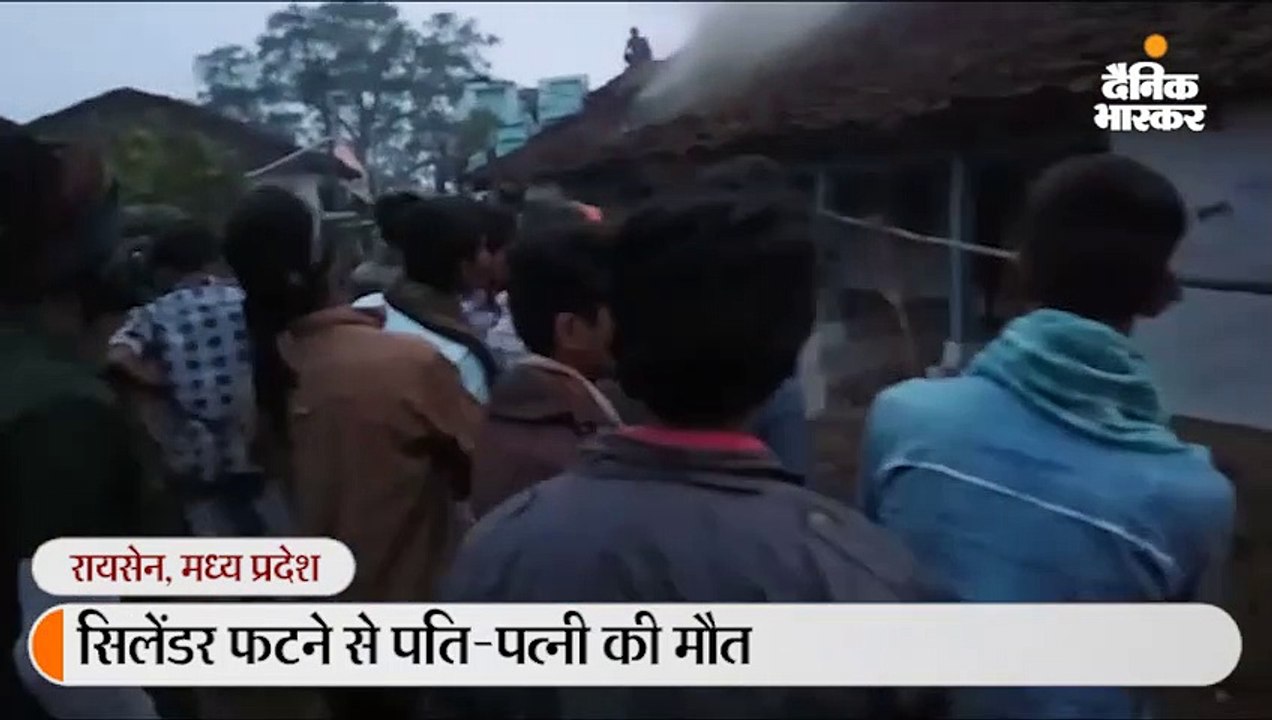 रायसेन में सिलेंडर में विस्फोट; पति-पत्नी की मौत, दो बच्चे झुलसे, भोपाल रेफर
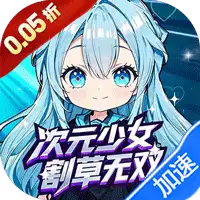 公元(次元少女割草0.05折)ST手游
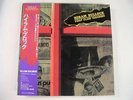 Hiram Bullock First Class Vagabond japanese version Used records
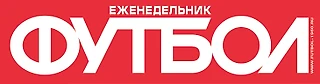 Еженедельник «ФУТБОЛ»: обложки и выпуски ко Дню Победы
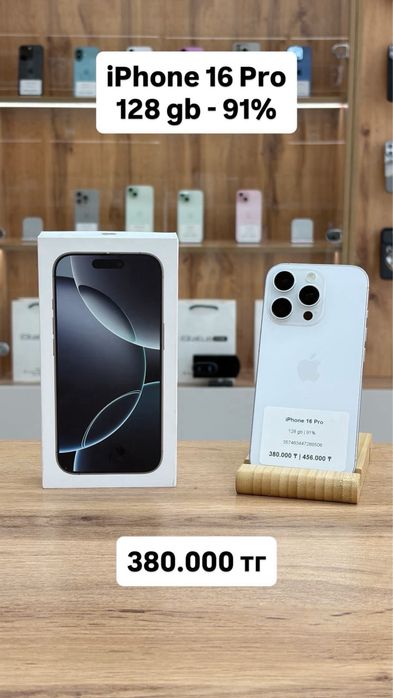 iPhone 16 Pro 128 gb 91% | iStatus Store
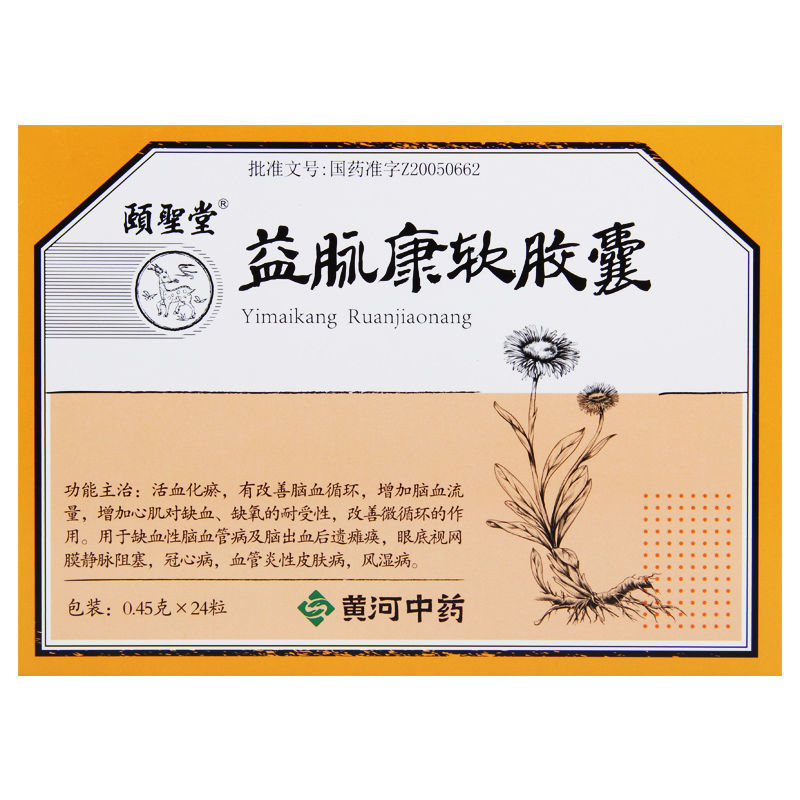 颐圣益脉康软胶囊045g24粒盒3盒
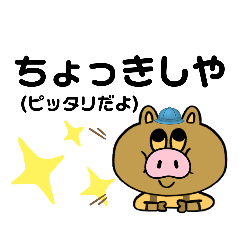 [LINEスタンプ] 播州弁 デカ文字 怒ってないよ2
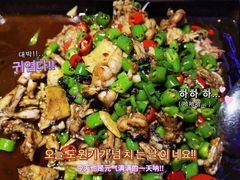 -蘭奢雅集·江浙菜(青山江滩店)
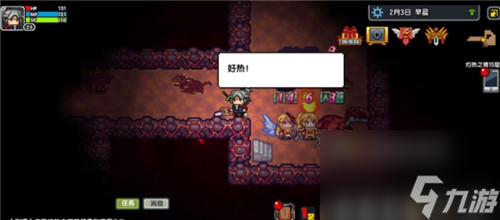 为什么找不到 伊洛纳钢铁龙歌罗贡位置介绍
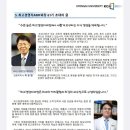 경기대학교 서비스경영전문대학원 이미지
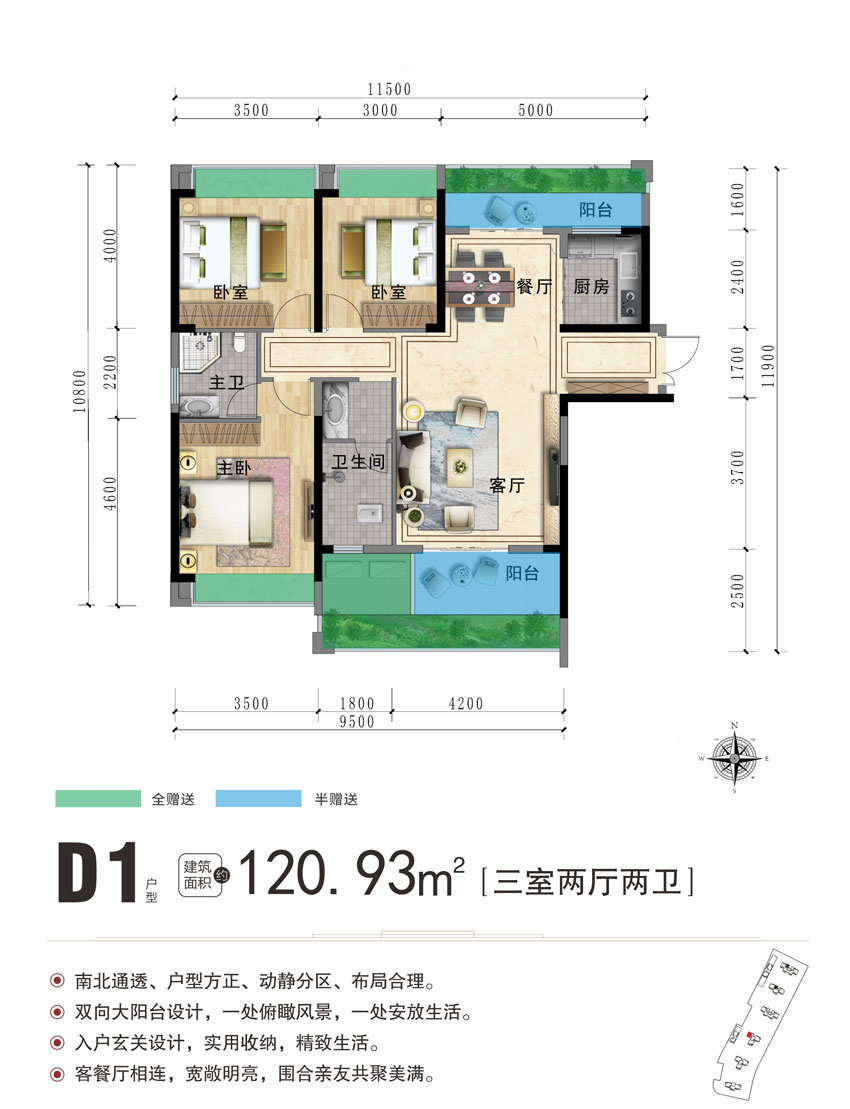 D1户型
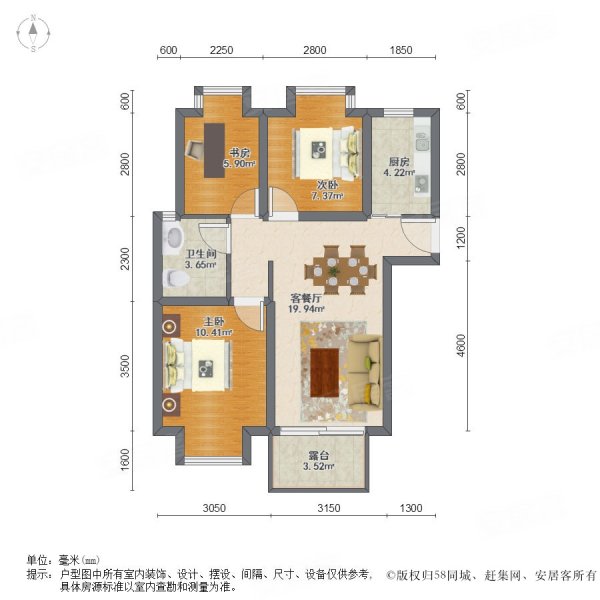 常德天润广场户型图图片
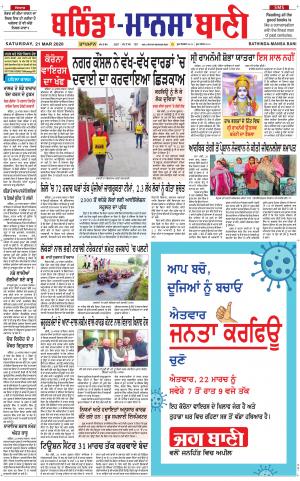  Bhantinda - Mansa Bani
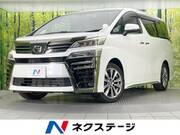 2022 TOYOTA VELLFIRE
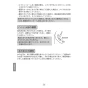 LIXIL(リクシル) JF-AP461SYX(JW) 取扱説明書 商品図面 施工説明書 浄水器内蔵型シングルレバー混合水栓 取扱説明書26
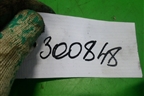 Диск сцепления (1.6л BSE) для Skoda Octavia (А5) с 2004-2013г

## WORK REQUEST
Could every entry above be printed again exactly, images excluded?

## RESPONSE BELOW
 रायसेन में सिलेंडर में विस्फोट; पति-पत्नी की मौत, दो बच्चे झुलसे, भोपाल रेफर
 公元(次元少女割草0.05折)ST手游
 Hiram Bullock First Class Vagabond japanese version Used records
 Еженедельник «ФУТБОЛ»: обложки и выпуски ко Дню Победы
 iPhone 16 Pro 128 gb 91% | iStatus Store
 颐圣益脉康软胶囊045g24粒盒3盒
 [LINEスタンプ] 播州弁 デカ文字 怒ってないよ2
 -蘭奢雅集·江浙菜(青山江滩店)
 为什么找不到 伊洛纳钢铁龙歌罗贡位置介绍
 경기대학교 서비스경영전문대학원 이미지
 D1户型
 常德天润广场户型图图片
  Bhantinda - Mansa Bani
 2022 TOYOTA VELLFIRE
 LIXIL(リクシル) JF-AP461SYX(JW) 取扱説明書 商品図面 施工説明書 浄水器内蔵型シングルレバー混合水栓 取扱説明書26
 Диск сцепления (1.6л BSE) для Skoda Octavia (А5) с 2004-2013г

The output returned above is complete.